→ **Requirement**
All lines from the one containing "Zoey | PetCurious" through the final line of the listing below, and no others, must be returned exactly; no pictures belong in the copy.

→ **Supplied entries**
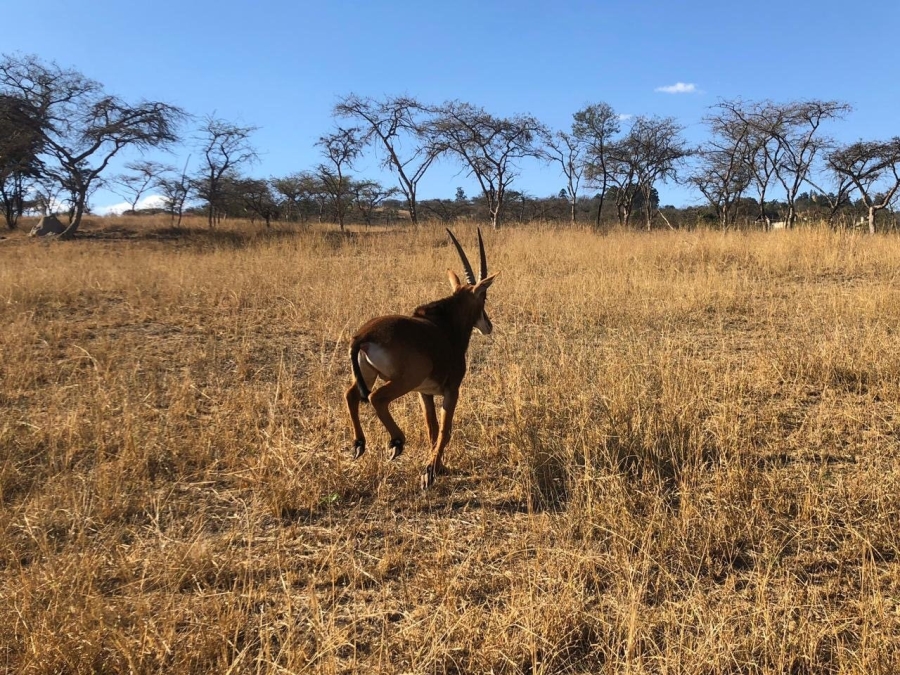 Commercial Property for Sale in Wild Fig Country Estate Mpumalanga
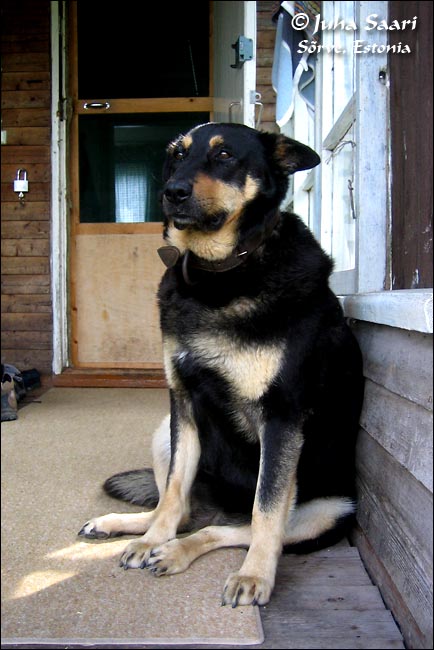 2007 06 14 3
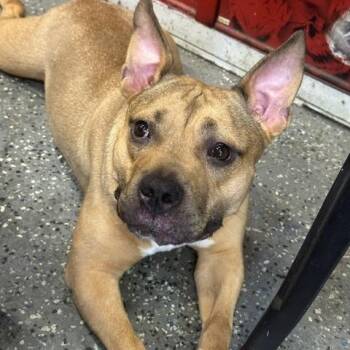 Zoey -  American Staffordshire Terrier Dog for Adoption in Lyndhurst, New Jersey - Zoey | PetCurious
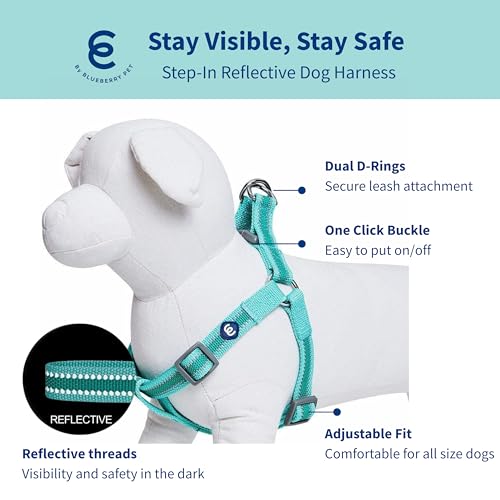 Blueberry Pet Essentials Step-in Reflective Back to Basics Dog Harness, Minty Green, Chest Girth 20" - 26", Medium, Adjust...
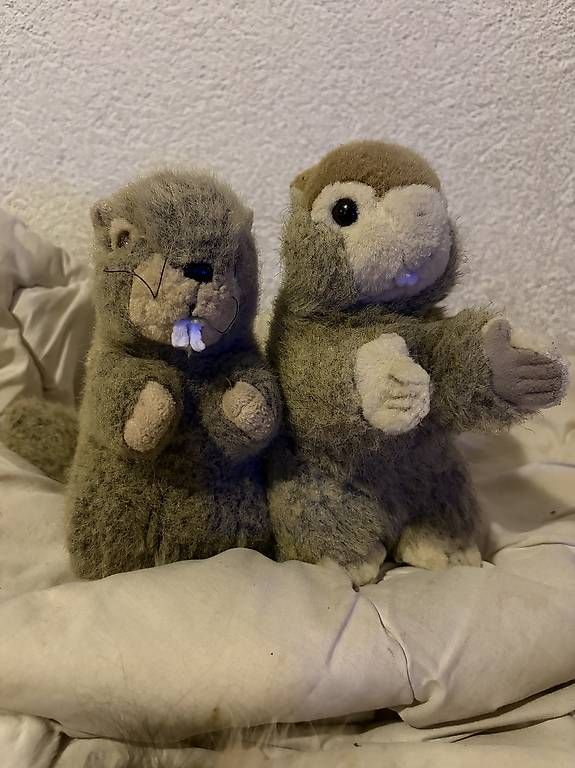 Spielzeuge: Plüsch Munggen Duo  – Gebraucht aus Brienz BE von sna_d9ls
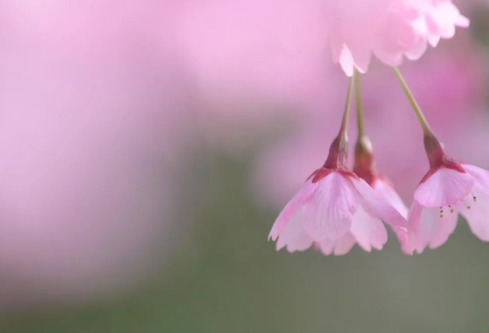 1687641380618469.png image.png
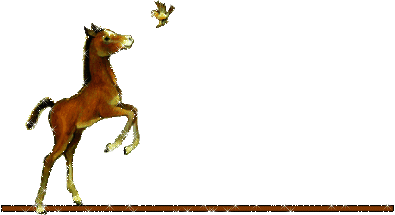 0_34a60_cd788f38_L.jpg?profile=RESIZE_710x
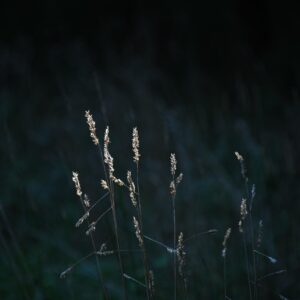 Why Kentucky 31 Grass Seed Is the Perfect Choice for a Durable, Beautiful Lawn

→ **Your response**
 Zoey -  American Staffordshire Terrier Dog for Adoption in Lyndhurst, New Jersey - Zoey | PetCurious
 Blueberry Pet Essentials Step-in Reflective Back to Basics Dog Harness, Minty Green, Chest Girth 20" - 26", Medium, Adjust...
 Spielzeuge: Plüsch Munggen Duo  – Gebraucht aus Brienz BE von sna_d9ls
 1687641380618469.png image.png
 0_34a60_cd788f38_L.jpg?profile=RESIZE_710x
 Why Kentucky 31 Grass Seed Is the Perfect Choice for a Durable, Beautiful Lawn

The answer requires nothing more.